[Opening SUPPLIED INFORMATION section]

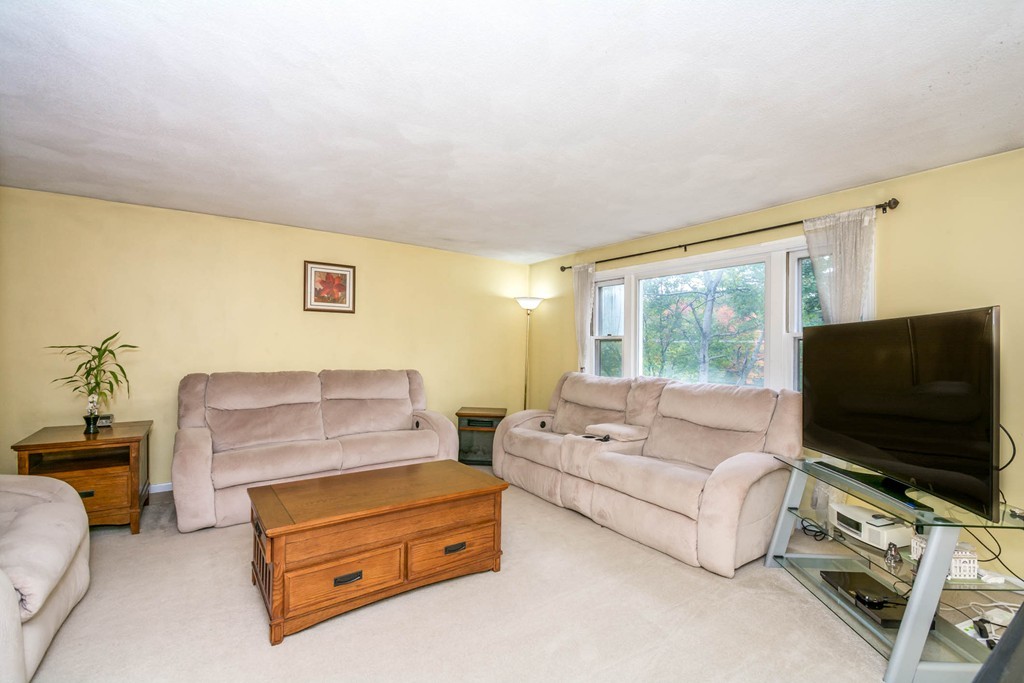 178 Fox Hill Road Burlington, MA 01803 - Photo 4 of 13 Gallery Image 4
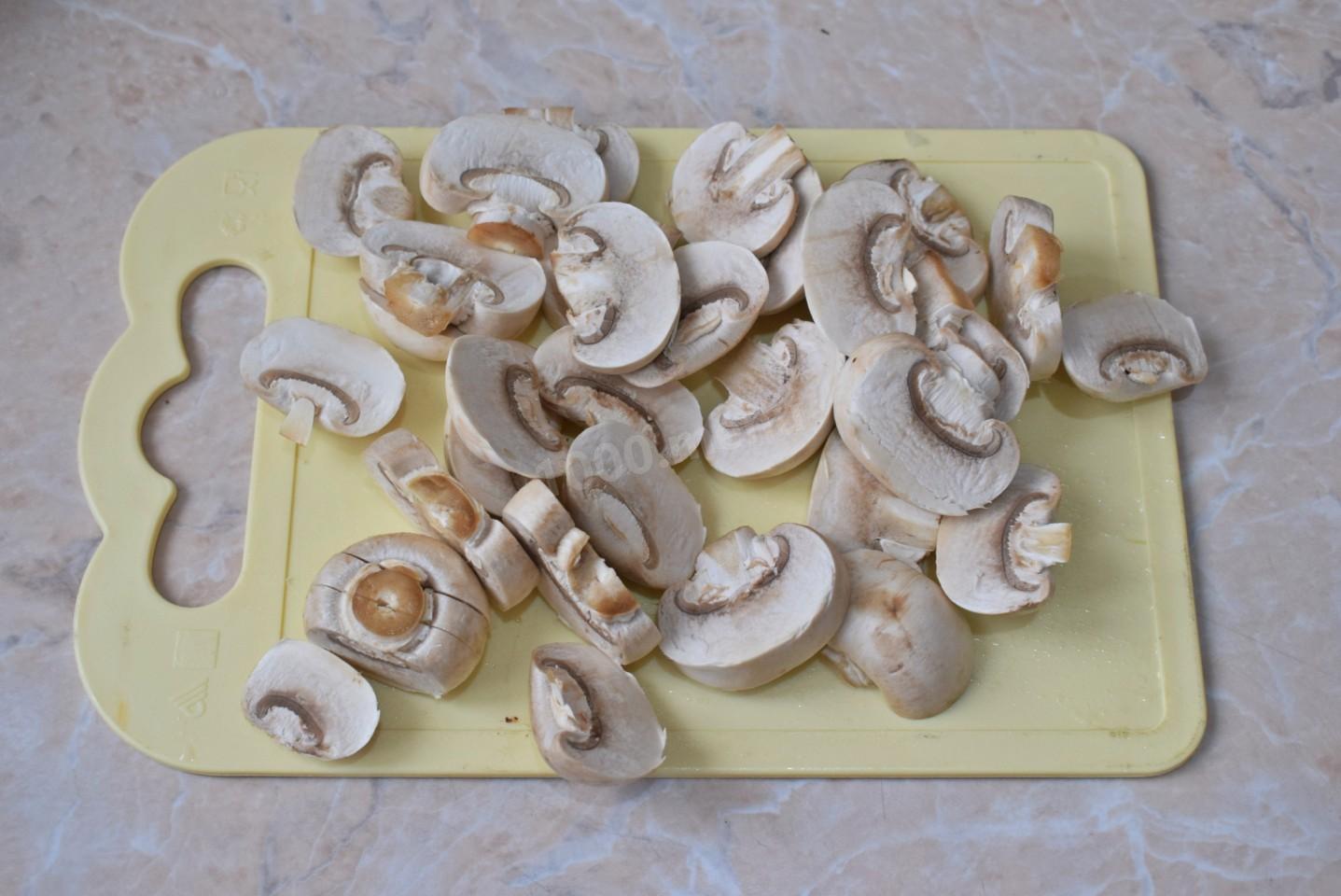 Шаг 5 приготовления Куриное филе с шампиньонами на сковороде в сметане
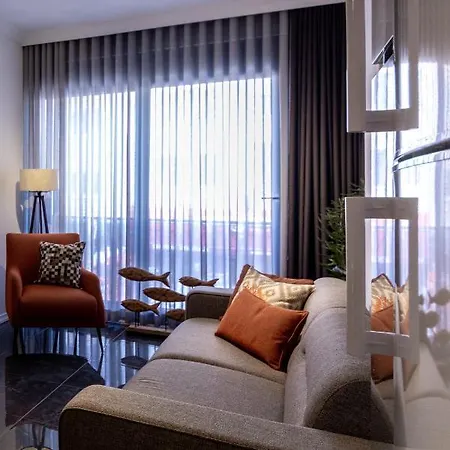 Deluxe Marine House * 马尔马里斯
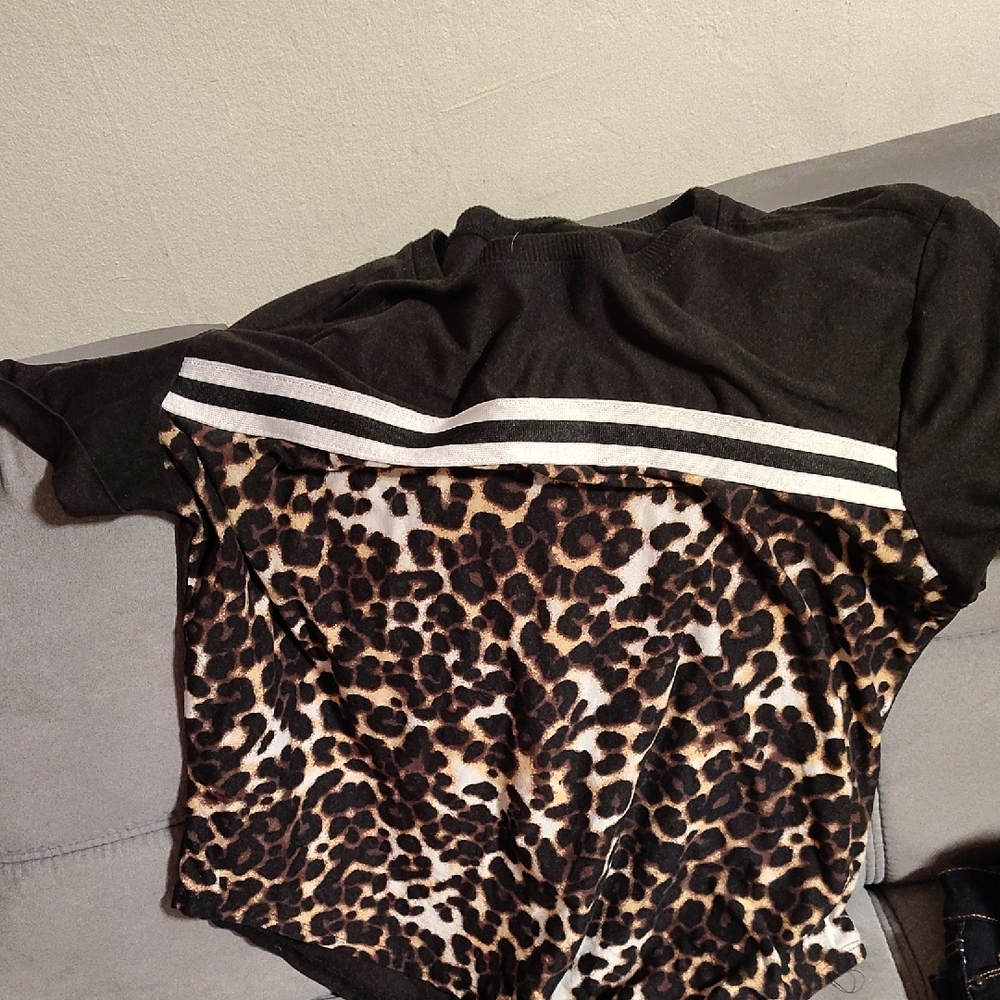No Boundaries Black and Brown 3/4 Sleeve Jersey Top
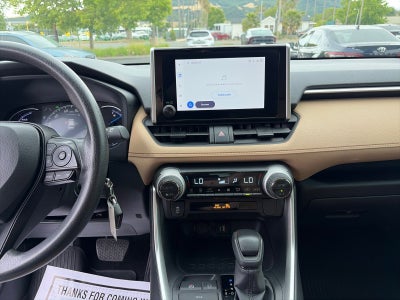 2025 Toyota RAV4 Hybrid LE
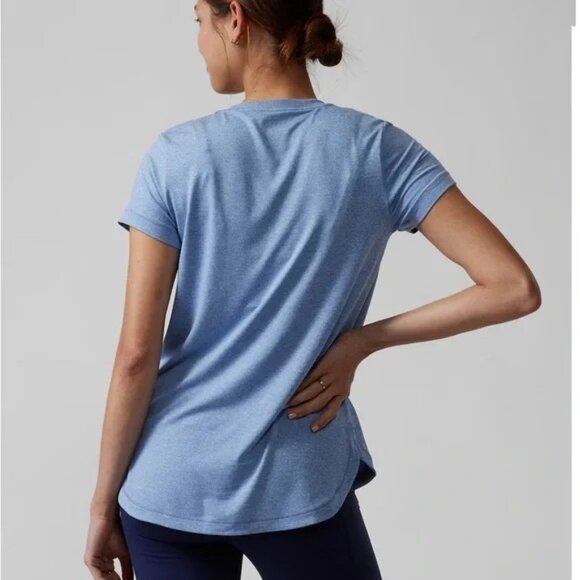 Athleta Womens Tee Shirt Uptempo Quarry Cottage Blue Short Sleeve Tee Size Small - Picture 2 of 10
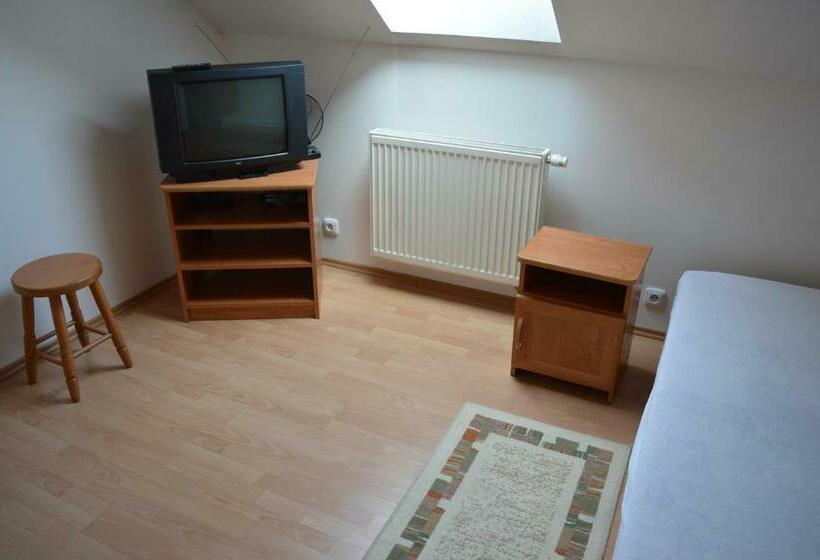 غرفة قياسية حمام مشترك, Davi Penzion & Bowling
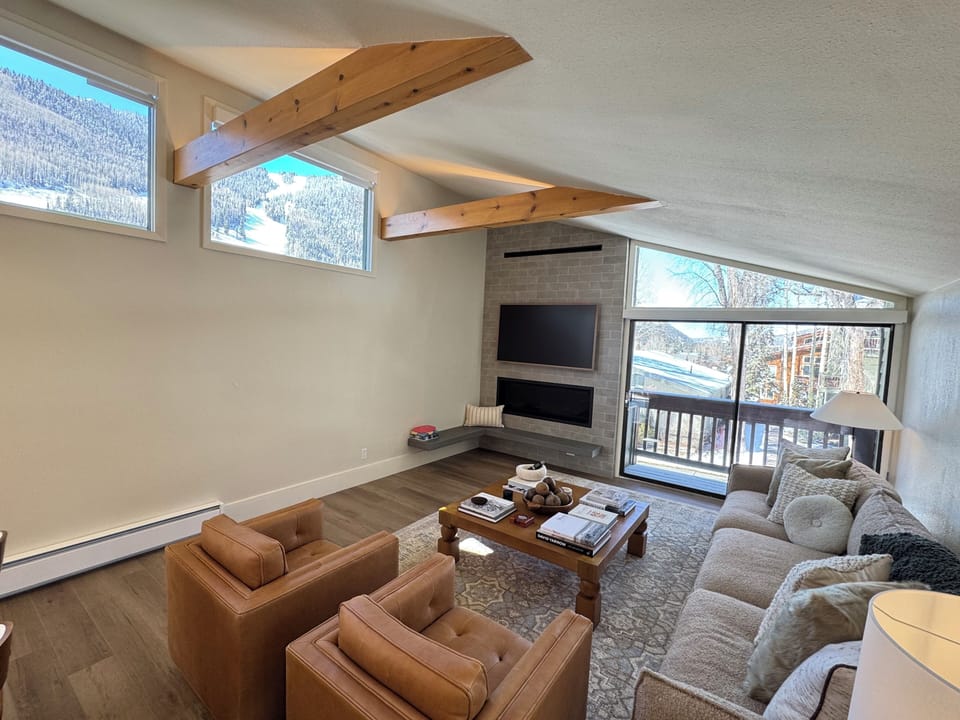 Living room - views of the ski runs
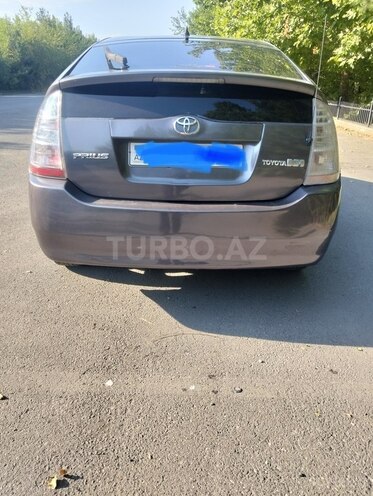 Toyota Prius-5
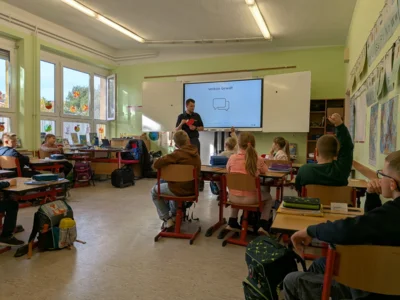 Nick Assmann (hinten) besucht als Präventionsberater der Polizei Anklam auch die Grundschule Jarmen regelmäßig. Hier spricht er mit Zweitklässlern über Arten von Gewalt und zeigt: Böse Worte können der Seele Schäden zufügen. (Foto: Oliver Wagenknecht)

[Closing SUPPLIED INFORMATION section]

ABOUT THIS TASK: Your answer must be an exact copy of the records, without the pictures.

ANSWER SPACE:
 178 Fox Hill Road Burlington, MA 01803 - Photo 4 of 13 Gallery Image 4
 Шаг 5 приготовления Куриное филе с шампиньонами на сковороде в сметане
 Deluxe Marine House * 马尔马里斯
No Boundaries Black and Brown 3/4 Sleeve Jersey Top
 2025 Toyota RAV4 Hybrid LE
 Athleta Womens Tee Shirt Uptempo Quarry Cottage Blue Short Sleeve Tee Size Small - Picture 2 of 10
 غرفة قياسية حمام مشترك, Davi Penzion & Bowling
 Living room - views of the ski runs
 Toyota Prius-5
 Nick Assmann (hinten) besucht als Präventionsberater der Polizei Anklam auch die Grundschule Jarmen regelmäßig. Hier spricht er mit Zweitklässlern über Arten von Gewalt und zeigt: Böse Worte können der Seele Schäden zufügen. (Foto: Oliver Wagenknecht)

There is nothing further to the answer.